Introduction: Triple-negative breast cancer (TNBC) is a highly aggressive subtype of breast cancer with poor prognosis and limited targeted therapies. The development of novel effective drugs is of great significance for TNBC treatment.
Objective: This study aims to clarify the molecular mechanisms through which isorhamnetin(ISO) restrains the malignant progression of TNBC, usingcomputational pharmacology prediction and empirical verification.

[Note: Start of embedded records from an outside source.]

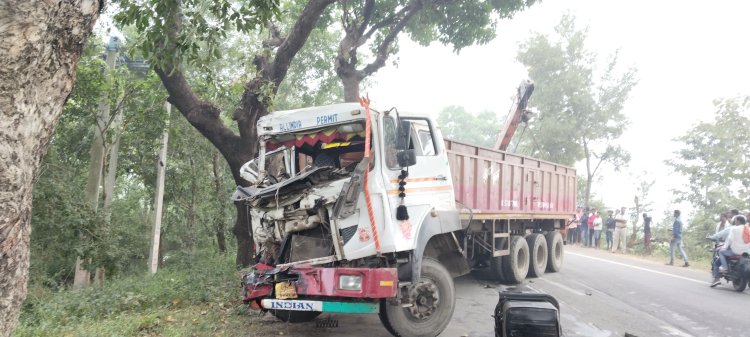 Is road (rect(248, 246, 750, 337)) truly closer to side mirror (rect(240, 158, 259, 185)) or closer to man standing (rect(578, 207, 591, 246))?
side mirror (rect(240, 158, 259, 185))

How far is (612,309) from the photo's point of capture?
7.32 m

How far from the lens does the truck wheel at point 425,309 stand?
5.02 meters

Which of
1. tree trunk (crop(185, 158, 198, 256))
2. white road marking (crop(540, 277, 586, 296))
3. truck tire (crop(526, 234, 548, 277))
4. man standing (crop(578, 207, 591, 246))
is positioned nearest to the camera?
white road marking (crop(540, 277, 586, 296))

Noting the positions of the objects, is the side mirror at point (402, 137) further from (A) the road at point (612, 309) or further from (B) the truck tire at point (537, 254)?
(B) the truck tire at point (537, 254)

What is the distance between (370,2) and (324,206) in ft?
25.9

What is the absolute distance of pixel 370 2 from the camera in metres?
11.6


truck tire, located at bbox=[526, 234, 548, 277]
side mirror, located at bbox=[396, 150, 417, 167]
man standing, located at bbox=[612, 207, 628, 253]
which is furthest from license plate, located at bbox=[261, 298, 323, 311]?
man standing, located at bbox=[612, 207, 628, 253]

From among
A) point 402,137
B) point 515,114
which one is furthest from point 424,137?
point 515,114

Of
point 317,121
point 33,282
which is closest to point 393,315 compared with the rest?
→ point 317,121

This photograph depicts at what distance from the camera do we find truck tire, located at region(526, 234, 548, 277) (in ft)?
33.0

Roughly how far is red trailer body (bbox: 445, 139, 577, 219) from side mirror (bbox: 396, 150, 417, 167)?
169 centimetres

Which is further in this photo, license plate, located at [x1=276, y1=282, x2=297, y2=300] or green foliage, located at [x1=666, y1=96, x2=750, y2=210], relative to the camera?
green foliage, located at [x1=666, y1=96, x2=750, y2=210]

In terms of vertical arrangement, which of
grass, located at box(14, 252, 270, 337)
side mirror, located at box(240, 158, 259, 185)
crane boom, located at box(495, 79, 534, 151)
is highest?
crane boom, located at box(495, 79, 534, 151)

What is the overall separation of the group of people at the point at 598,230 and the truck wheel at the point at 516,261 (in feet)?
29.5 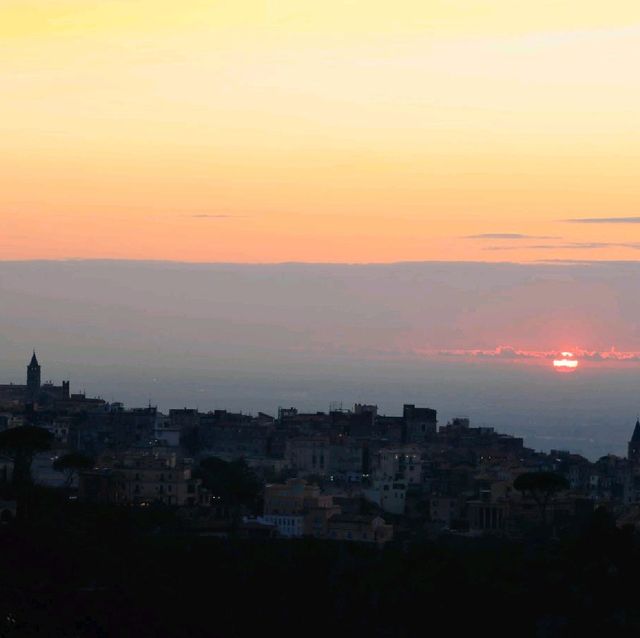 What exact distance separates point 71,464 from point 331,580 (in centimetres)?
2119

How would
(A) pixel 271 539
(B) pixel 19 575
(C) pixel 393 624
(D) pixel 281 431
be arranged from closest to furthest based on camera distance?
(B) pixel 19 575 < (C) pixel 393 624 < (A) pixel 271 539 < (D) pixel 281 431

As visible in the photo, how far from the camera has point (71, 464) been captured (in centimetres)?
8731

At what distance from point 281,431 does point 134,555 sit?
53792mm

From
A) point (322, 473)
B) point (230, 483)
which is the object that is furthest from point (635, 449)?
point (230, 483)

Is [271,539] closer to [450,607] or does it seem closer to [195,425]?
[450,607]

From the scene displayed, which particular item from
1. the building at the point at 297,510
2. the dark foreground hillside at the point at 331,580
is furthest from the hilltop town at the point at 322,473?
the dark foreground hillside at the point at 331,580

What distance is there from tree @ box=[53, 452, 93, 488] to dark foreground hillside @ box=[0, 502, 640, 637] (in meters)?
13.9

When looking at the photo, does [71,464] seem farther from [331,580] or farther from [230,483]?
[331,580]

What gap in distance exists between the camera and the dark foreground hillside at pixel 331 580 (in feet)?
208

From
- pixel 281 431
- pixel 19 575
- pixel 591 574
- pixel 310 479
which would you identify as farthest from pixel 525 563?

Methods: We systematically screened public online databases and identified 198 putative targets of isorhamnetin and 1,490 genes functionally associated with TNBC. Overlapping targets were obtained through Venn diagram analysis. By integrating protein–protein interaction network profiling, functional enrichment analysis, and molecular docking experiments, we predicted the key binding targets of isorhamnetin. We then validated the effects of isorhamnetin on cell proliferation, migration, and invasion in TNBC cell lines. Western blot and cellular thermal shift assays were employed to examine target protein expression and alterations in downstream signaling pathways.
Results: The combination of protein–protein interaction network profiling, functional enrichment analysis, and molecular docking experiments indicated that ISO binds epidermal growth factor receptor (EGFR) with high affinity. Our findings revealed that ISO strongly reduced the growth, motility, and infiltrative capacities of TNBC cells. Western blot and cellular thermal shift assays confirmed that ISO downregulates EGFR protein expression and modulates downstream mammalian target of rapamycin (mTOR) and MAPK/ERK kinase (MEK)/extracellular signalregulated kinase (ERK) signaling.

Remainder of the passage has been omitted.